Me: That’s called Customer Service. IT’S THE AMERICAN WAY.

2). Another time, I went to Target and headed to Customer Service.

Me: I ordered this sports bra online and only wore it twice. It was a sale item.

I showed the Customer Service Girl the strap that was torn almost completely off.

CSG: Oh no! Sorry about that! Do you want to go find a similar one on the sale rack and bring it back here to do an exchange, or do you just want a refund?

Me: I’ll go look for a similar one on sale.

I couldn’t find anything similar in the Active Wear section, on the sale rack or otherwise. I did find another sports bra I really liked, though. It was more expensive than the one I was returning. I took it back to Customer Service thinking I’d just pay the difference.

CSG (looking at her screen): Shoot, I can’t find the sale one. Oh well… I’ll just do an even exchange!

She cheerfully took the damaged item, and I walked away with the more expensive one at no extra cost.

Later, I relayed the story to Callaghan.
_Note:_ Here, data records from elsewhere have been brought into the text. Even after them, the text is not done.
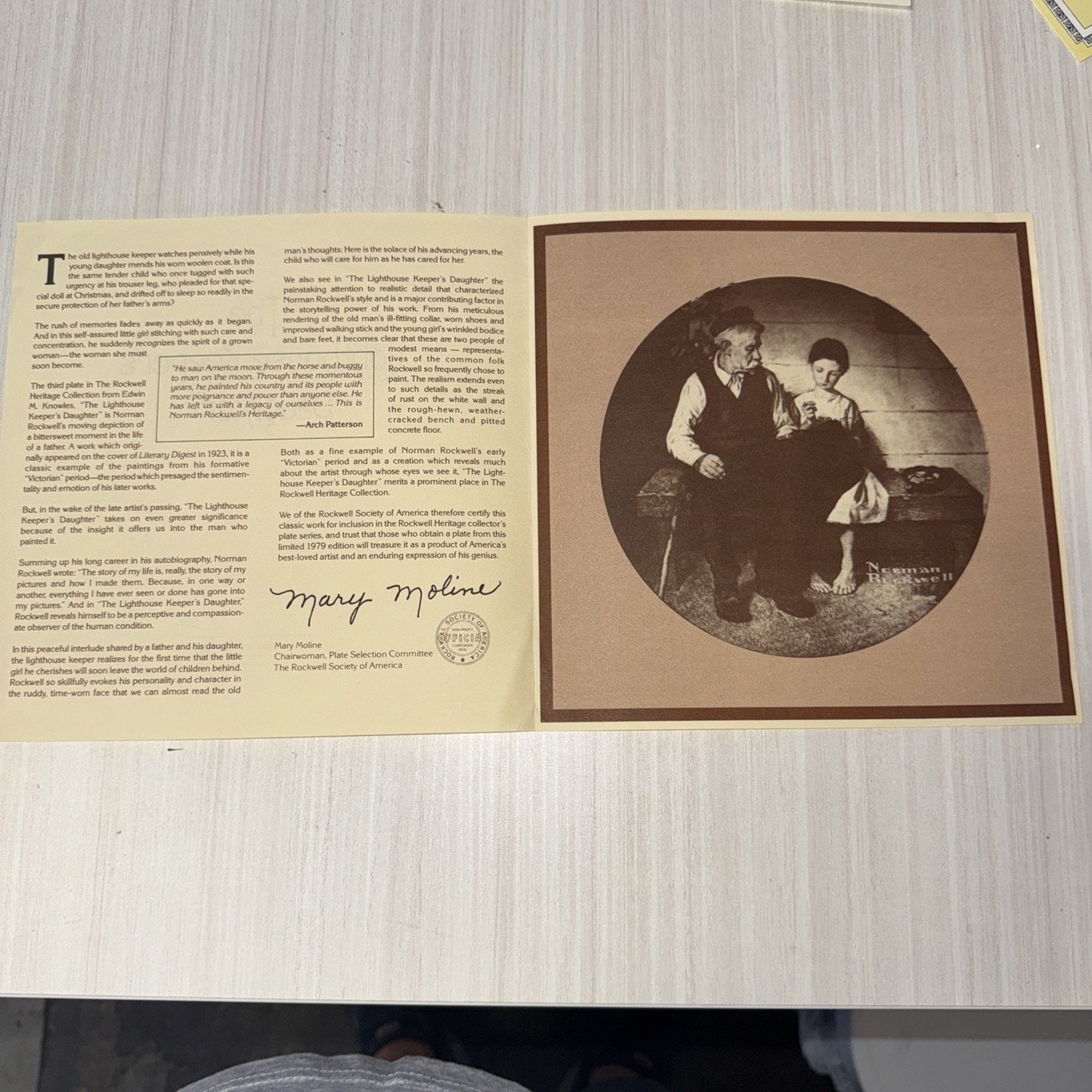 Norman Rockwell Plate Lighthouse Keeper’s Daughter w/ COA & Box
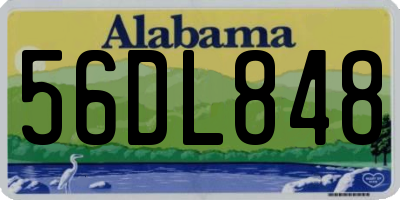 AL license plate 56DL848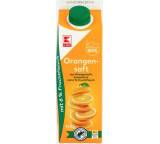 Saft im Test: Orangensaft mit 6 % Fruchtfleisch von Kaufland / K-Classic, Testberichte.de-Note: 4.0 Ausreichend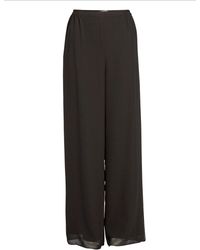 Gina Bacconi - Chiffon Layered Trouser With Slits - Lyst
He was nonplussed.

“No way.”


“That would NEVER happen in France!”

Me: “It’s the American Way.”

We laughed, because by then, both his line and mine constituted an inside joke.
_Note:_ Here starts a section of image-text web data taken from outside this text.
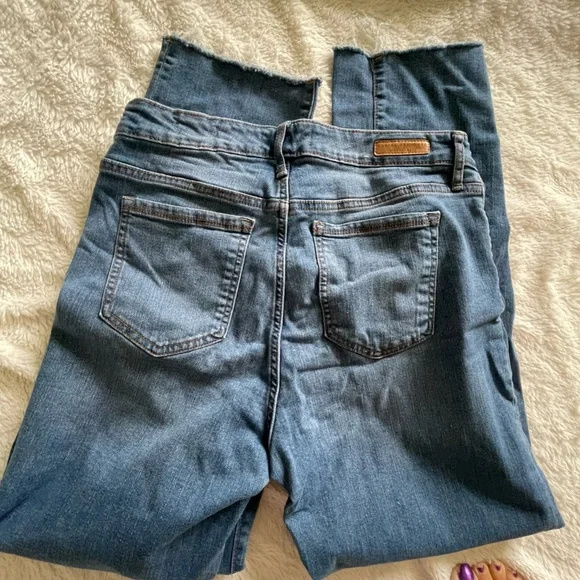 Social Standard By Sanctuary Womens Slim Straight Blue Jeans Size 8/29 - Picture 5 of 6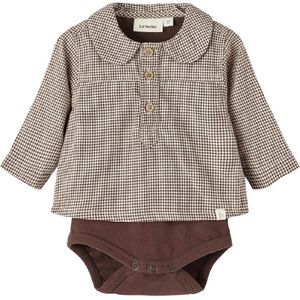 Lil' Atelier Hemdromper l/s - NbmRoss - Rotsachtig Road - Lil Atelier - 56 - Romper L/S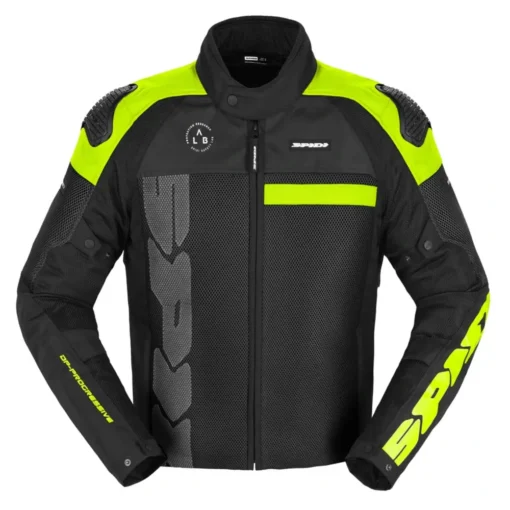 Spidi Progressive Net Windout Black Yellow Jacket 1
3). Most recently, we went to my eye doctor’s office to pick up my new glasses.

The Glasses Lady went to the back to get my glasses, which had just been delivered from the lab that day. She came back with a pair of glasses and all kinds of apologies.

“I’m SO SORRY,” she repeated. “The lab made a mistake. They put your lenses in the wrong frames. They’re the correct prescription, though.”

She handed me the glasses. The frames were from an Italian luxury brand. I’d ordered a Coach pair from the low end of the available line’s price range, the cheapest I could find that I thought looked decent.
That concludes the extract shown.